I am designer, photographer, and lover of the outdoors, based in the beautiful green space that is Oregon. My family and I live on our own little bit of green (4.8 acres) just outside of Eugene where we enjoy dabbling in various country life endeavors like raising goats and chickens. You can read about our ongoing forays in hobby farming and home building on our Tumblr blog.
One of my passions is playing the piano, an activity that unfortunately gets swept under the rug with the busyness of work and family. In my precious free time I enjoy playing the works of romantic-era composers like Chopin and Debussy. Music is a catalyst to my creativity and piano is my favorite way to unwind after a hard day’s work.
I’m originally from Nevada, but after 15 years of bonding with the damp and leafy Pacific Northwest, I am a true Oregonian at heart.
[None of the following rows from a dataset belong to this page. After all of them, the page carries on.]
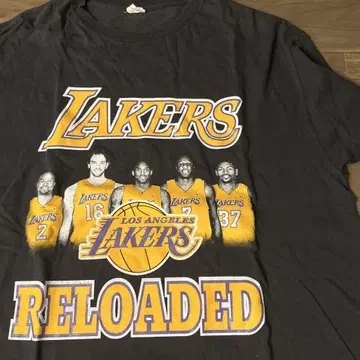Lakers 2010 NBA Playoffs 티셔츠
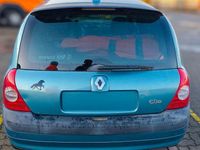 Gebraucht Renault Clio II Expression 75 PS (55 kW) 2002 Blau Limousine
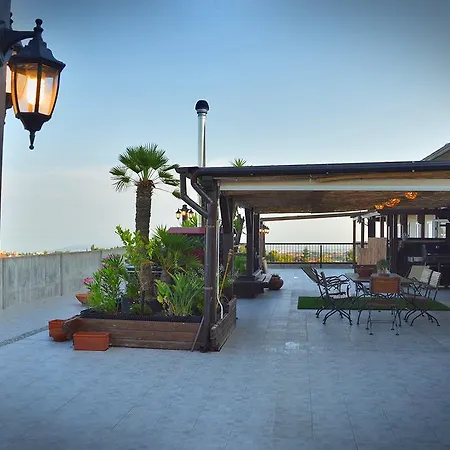 Bed & Breakfast Terrazza Dell'etna Mascalucia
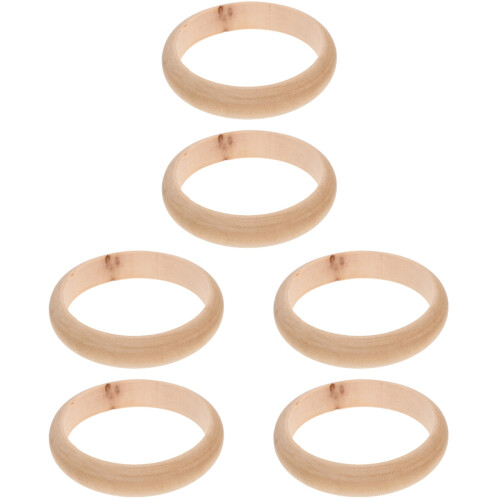6 Unidades Pulseiras De Para Crianças Artesanato 1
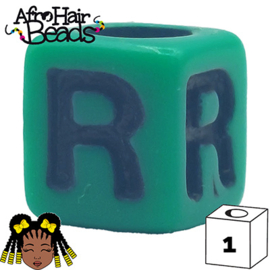 Alpha Beads •R• groen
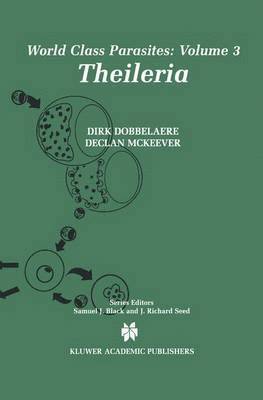 Dirk Dobbelaere, Declan McKeever - Theileria, Häftad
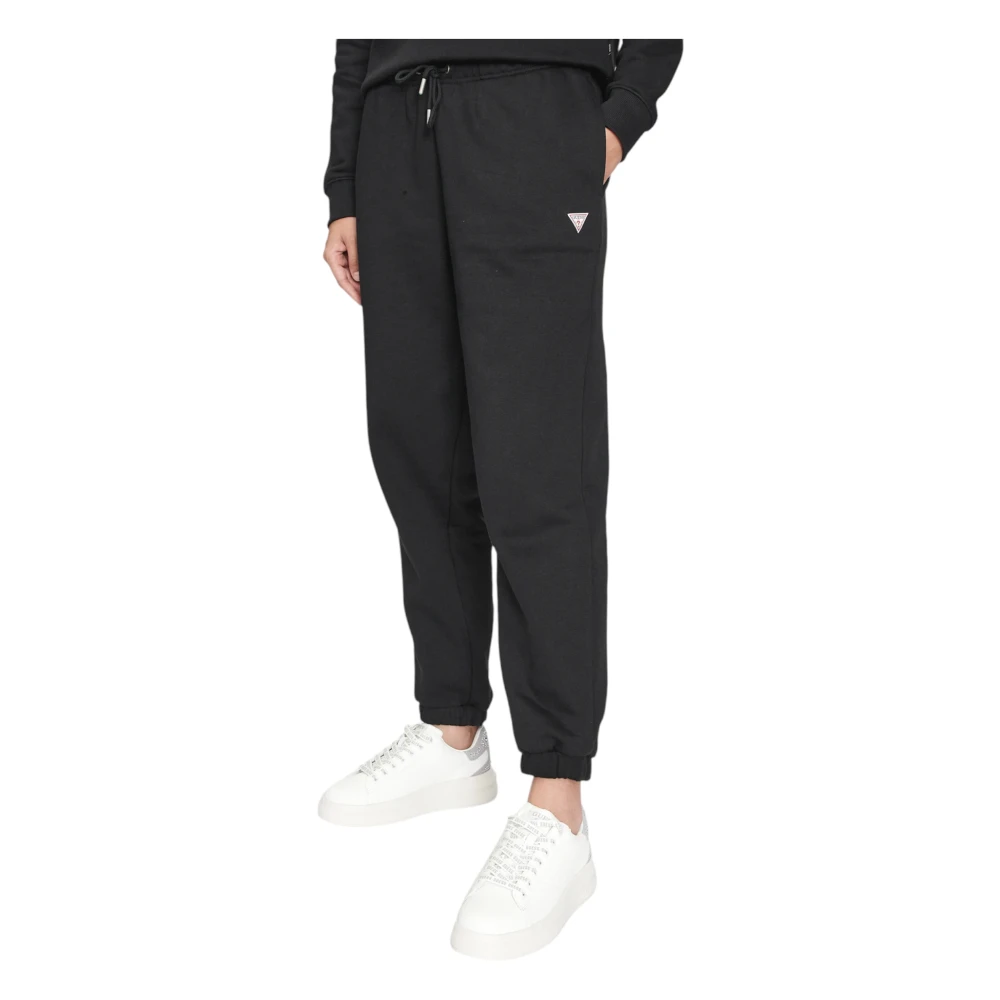 Guess , Damen, Hosen, Schwarzk, M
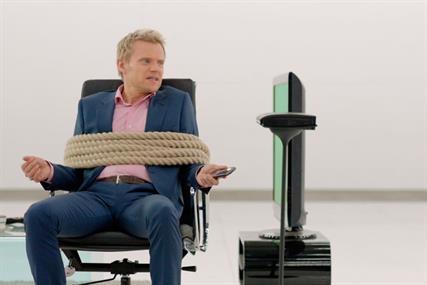 Virgin Media has appointed 18 Feet & Rising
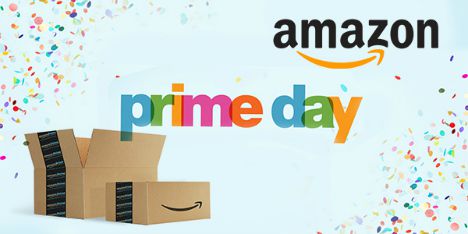 Amazon 20th Prime Day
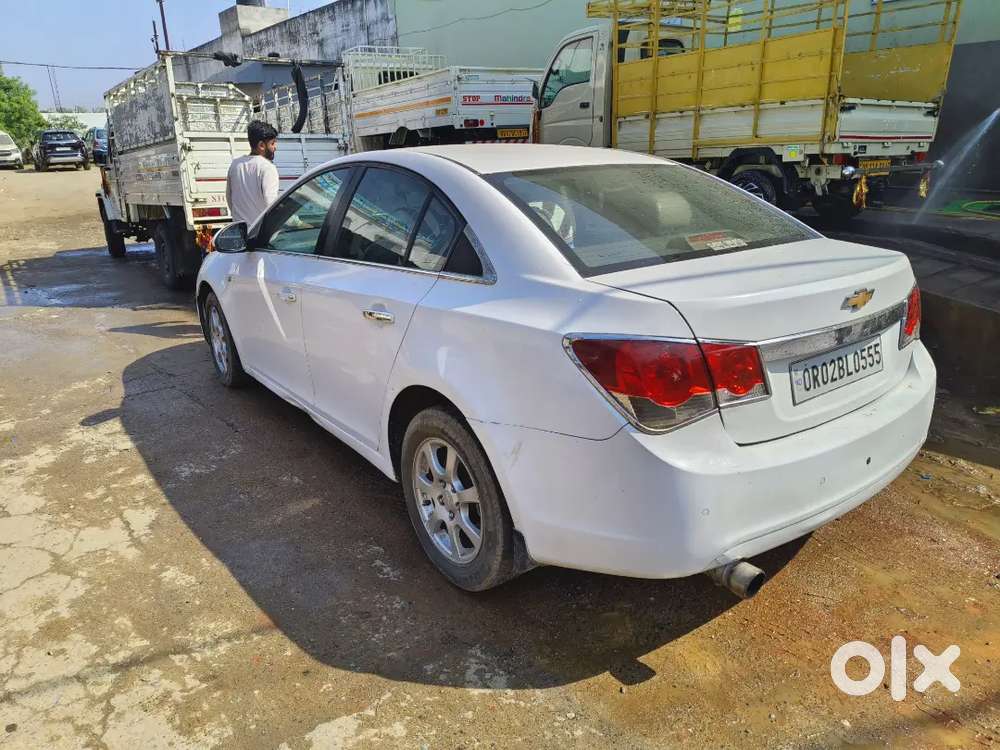 Chevrolet Cruze Well Maintained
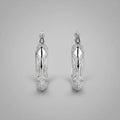 Blythe Silver Earrings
My appreciation of nature serves as a source of creative inspiration as well as a counterbalance to my digital work space.
I am a maker by nature and an Associate Creative Director by day, with over 14 years of experience in graphic design, including print design, branding, creative direction, web design, photography, illustration, packaging design, and copywriting. My areas of focus are responsive web design, branding, and food and beverage packaging. Outside of the digital design world my go-to medium is paper art, an analog/digital technique I have used for several projects (like this one), as well as a few packages currently in your local grocery store.
My design philosophy is simple: Be brave enough to suck at something new.
As designers, I believe we should always seek out work that pushes us out of our comfort zones and forces us to learn and innovate. Part of that process involves a desire to take on projects that are out of our wheel-house. In my own process as well as when directing others, I always encourage people to take on projects that are either out of their area of expertise or involve learning a new technique. I believe we should never say “It can’t be done” and should never constrain creative thinking just because we don’t have the technical skills to pull it off. Experimentation, risk-taking, and failure lead to growth and innovation and ultimately, great work.
Just be brave enough to suck at something new.